Он схватил рубашку в горсть, и ткань затрещала. Лезвие вспарывало ее и еще мою кожу. Но боли, странное дело, я не ощущала. Скорее уж злое упрямство: я буду жить!

Назло всем!

Я вцепилась в его руки, понимая, что силенок не хватит остановить, но хотя бы задержать… на секунду. На долю секунды даже…

Он злее. И больше. И тяжелей. Он не выпустил нож и давит на него, толкая к животу.

Сержанта разбудил звук. Холодный, шершавый, с отчетливым привкусом магии, он ввинчивался в уши, требуя вставать.

Не его смена.

– Эй! – Сержант огляделся.

Так спит. Сиг тоже. Он заснул за столом, нелепо перекосившись, словно наклонялся за чем-то, но в последний миг устал и уснул. Из рукава выглядывал край карты.

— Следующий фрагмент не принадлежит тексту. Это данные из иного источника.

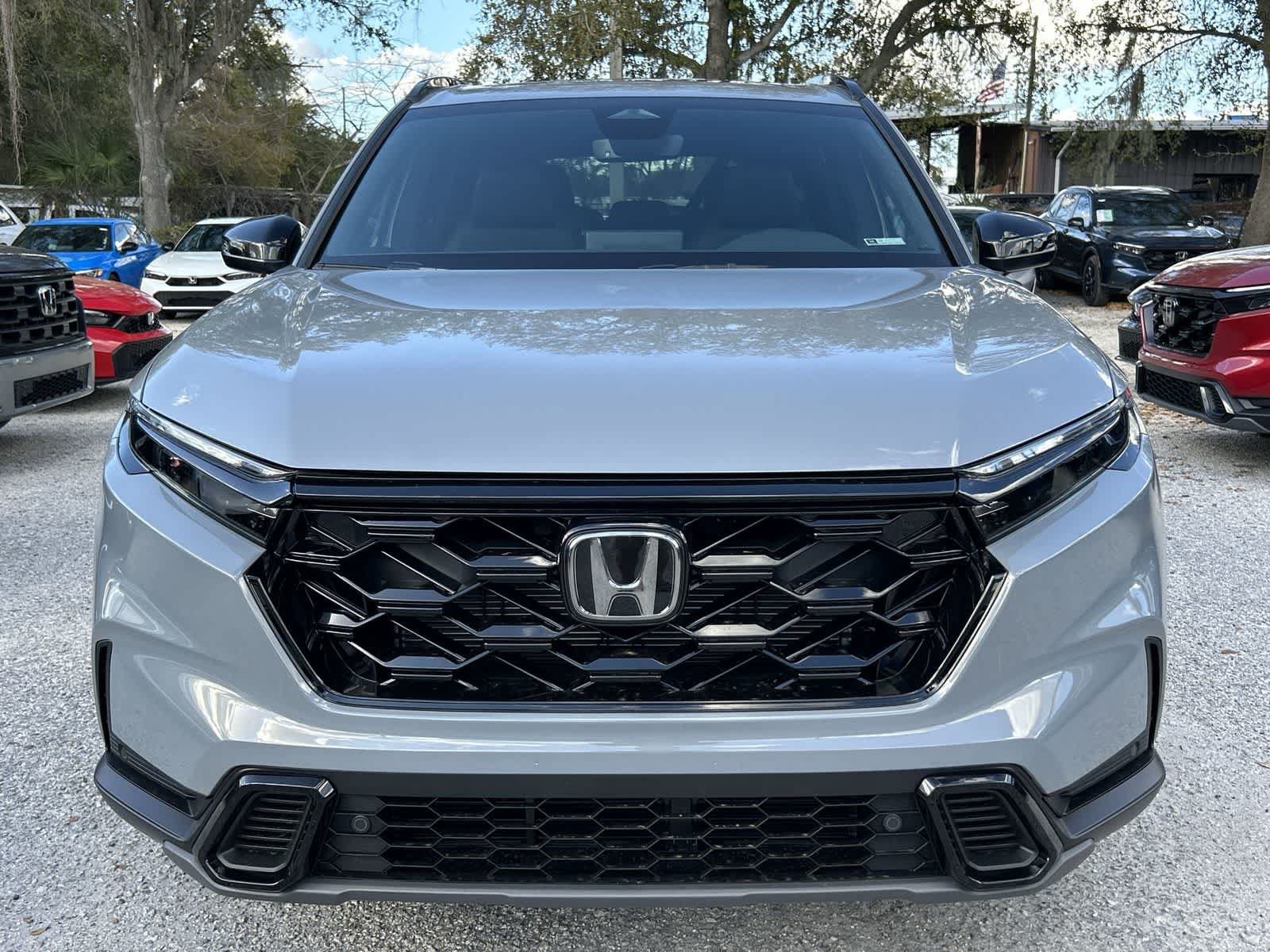 New 2026 Honda CR-V Sport-L image 5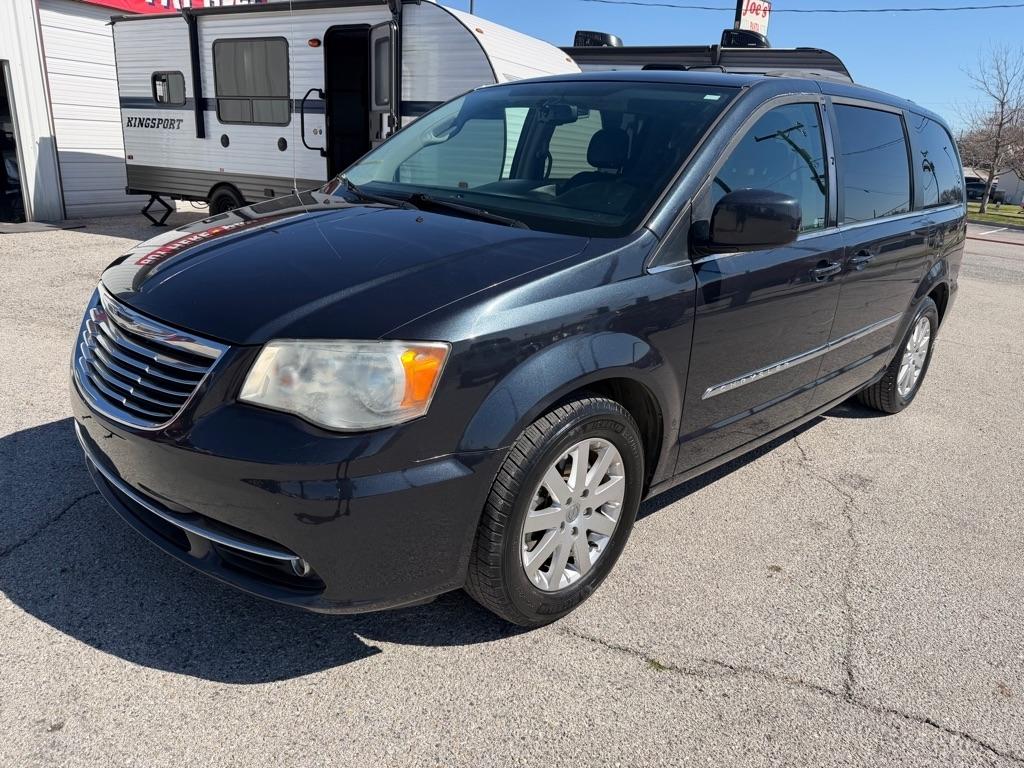 Chrysler Town & Country  2013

– Подъем! – Сержант пнул Сига, но тот не шелохнулся.

Похоже, работа, которая представлялась поначалу легкой и где-то забавной, перестала таковой быть. Натянув сапоги, Сержант вышел из комнатушки.

Благо идти было недалеко.

Мерзкий звук исчез, но покрывало магии еще держалось в стенах замка.

Спала стража.

И парочка в укромном уголке. Сонный кавалер держал на весу ногу сонной же дамы… нога была довольно милой, но задерживаться Сержант не стал.

Лаашья вытянулась вдоль порога. В руках клинки. Выражение лица мечтательное. Наверняка сон добрый – кошмар надолго не удержит: Сержанту ли не знать. Ему давно не снятся добрые сны. Повезло, что в последнее время сны вообще не снятся.

Он коснулся было ручки, но передумал. Эту границу поручено стеречь, а не пересекать. Дверь одна. Мимо не пройти. И Сержант, прислонившись к косяку, закрыл глаза. Спать он не собирался.

Слушал.

Тишина. Дыхание. Храп… поскрипывание и треск. Слабые звуки, из тех, что производит любой старый дом с возрастом. Снова храп. Бормотание – кто-то кого-то уговаривает. И если сон добрый, уговорит. Стрекот сверчка, правдой оказалось, что они к магии не чувствительны.